→ Records to use

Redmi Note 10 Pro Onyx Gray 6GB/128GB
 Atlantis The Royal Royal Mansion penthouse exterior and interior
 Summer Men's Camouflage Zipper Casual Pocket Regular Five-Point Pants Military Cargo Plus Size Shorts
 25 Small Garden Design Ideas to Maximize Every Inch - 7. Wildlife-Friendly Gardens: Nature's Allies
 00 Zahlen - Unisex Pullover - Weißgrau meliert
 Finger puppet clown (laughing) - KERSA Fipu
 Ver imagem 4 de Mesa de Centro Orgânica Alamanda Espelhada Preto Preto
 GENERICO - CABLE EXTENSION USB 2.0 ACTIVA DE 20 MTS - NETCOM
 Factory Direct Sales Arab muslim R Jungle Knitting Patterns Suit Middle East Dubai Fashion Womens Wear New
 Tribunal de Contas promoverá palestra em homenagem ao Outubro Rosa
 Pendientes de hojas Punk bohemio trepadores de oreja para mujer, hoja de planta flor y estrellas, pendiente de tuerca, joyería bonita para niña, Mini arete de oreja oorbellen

→ Exercise goal
Now output the listing above, exactly as it appears.

→ Your solution
Redmi Note 10 Pro Onyx Gray 6GB/128GB
 Atlantis The Royal Royal Mansion penthouse exterior and interior
 Summer Men's Camouflage Zipper Casual Pocket Regular Five-Point Pants Military Cargo Plus Size Shorts
 25 Small Garden Design Ideas to Maximize Every Inch - 7. Wildlife-Friendly Gardens: Nature's Allies
 00 Zahlen - Unisex Pullover - Weißgrau meliert
 Finger puppet clown (laughing) - KERSA Fipu
 Ver imagem 4 de Mesa de Centro Orgânica Alamanda Espelhada Preto Preto
 GENERICO - CABLE EXTENSION USB 2.0 ACTIVA DE 20 MTS - NETCOM
 Factory Direct Sales Arab muslim R Jungle Knitting Patterns Suit Middle East Dubai Fashion Womens Wear New
 Tribunal de Contas promoverá palestra em homenagem ao Outubro Rosa
 Pendientes de hojas Punk bohemio trepadores de oreja para mujer, hoja de planta flor y estrellas, pendiente de tuerca, joyería bonita para niña, Mini arete de oreja oorbellen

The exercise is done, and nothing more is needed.